Wheeler Ward C
Division of Invertebrate Zoology, American Museum of Natural History, Central Park West @ 79th Street, New York, 10024-5192, NY, USA.
BMC Bioinformatics. 2015 Sep 17;16:296. doi: 10.1186/s12859-015-0675-0.
Many problems in comparative biology are, or are thought to be, best expressed as phylogenetic "networks" as opposed to trees. In trees, vertices may have only a single parent (ancestor), while networks allow for multiple parent vertices. There are two main interpretive types of networks, "softwired" and "hardwired." The parsimony cost of hardwired networks is based on all changes over all edges, hence must be greater than or equal to the best tree cost contained ("displayed") by the network. This is in contrast to softwired, where each character follows the lowest parsimony cost tree displayed by the network, resulting in costs which are less than or equal to the best display tree.
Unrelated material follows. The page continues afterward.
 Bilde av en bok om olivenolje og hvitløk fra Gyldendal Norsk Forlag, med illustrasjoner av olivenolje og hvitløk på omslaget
Neither situation is ideal since hard-wired networks are not generally biologically attractive (since individual heritable characters can have more than one parent) and softwired networks can be trivially optimized (containing the best tree for each character). Furthermore, given the alternate cost scenarios of trees and these two flavors of networks, hypothesis testing among these explanatory scenarios is impossible.
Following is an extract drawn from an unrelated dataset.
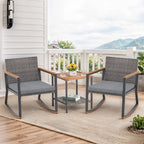 Ensemble bistro en résine tressée à bascule 3 pièces, mobilier de jardin avec chaises de véranda et table basse en verre.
A network cost adjustment (penalty) is proposed to allow phylogenetic trees and soft-wired phylogenetic networks to compete equally on a parsimony optimality basis. This cost is demonstrated for several real and simulated datasets. In each case, the favored graph representation (tree or network) matched expectation or simulation scenario.
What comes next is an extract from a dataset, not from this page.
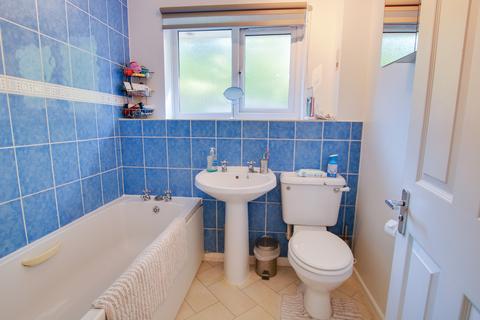 23 Squirrel Drive, Southampton, SO19 8SY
The softwired network cost regime proposed here presents a quantitative criterion for an optimality-based search procedure where trees and networks can participate in hypothesis testing simultaneously.
比较生物学中的许多问题,或者被认为最好用系统发育“网络”来表示,而不是树形图。在树形图中,顶点可能只有一个父节点(祖先),而网络允许有多个父顶点。网络主要有两种解释类型,“软连接”和“硬连接”。硬连接网络的简约成本基于所有边的所有变化,因此必须大于或等于网络所包含(“展示”)的最佳树形图成本。这与软连接网络相反,在软连接网络中,每个特征遵循网络展示的最低简约成本树形图,导致成本小于或等于最佳展示树形图。这两种情况都不理想,因为硬连接网络通常在生物学上缺乏吸引力(因为个体可遗传特征可以有多个父节点),而软连接网络可以很容易地进行优化(包含每个特征的最佳树形图)。此外,鉴于树形图和这两种网络的不同成本情况,在这些解释性情况之间进行假设检验是不可能的。
提出了一种网络成本调整(惩罚)方法,以使系统发育树和软连接系统发育网络在简约最优性基础上能够平等竞争。针对几个真实和模拟数据集证明了这种成本。在每种情况下,偏好的图形表示(树形图或网络)都符合预期或模拟情况。
这里提出的软连接网络成本机制为基于最优性的搜索过程提供了一个定量标准,在这个过程中,树形图和网络可以同时参与假设检验。